* WHAT THE TASK ASKS: Return each line of the listing that has the word "Photo" in it.

* ENTRIES SHOWN:
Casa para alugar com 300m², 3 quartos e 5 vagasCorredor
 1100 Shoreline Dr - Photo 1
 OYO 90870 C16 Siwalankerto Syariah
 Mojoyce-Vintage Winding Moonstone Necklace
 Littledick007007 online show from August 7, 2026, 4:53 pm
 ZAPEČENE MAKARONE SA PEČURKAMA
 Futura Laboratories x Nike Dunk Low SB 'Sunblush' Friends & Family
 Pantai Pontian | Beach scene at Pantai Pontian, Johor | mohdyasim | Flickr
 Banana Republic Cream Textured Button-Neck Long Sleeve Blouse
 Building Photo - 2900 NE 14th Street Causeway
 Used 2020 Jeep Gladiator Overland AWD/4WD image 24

* YOUR SOLUTION:
 1100 Shoreline Dr - Photo 1
 Building Photo - 2900 NE 14th Street Causeway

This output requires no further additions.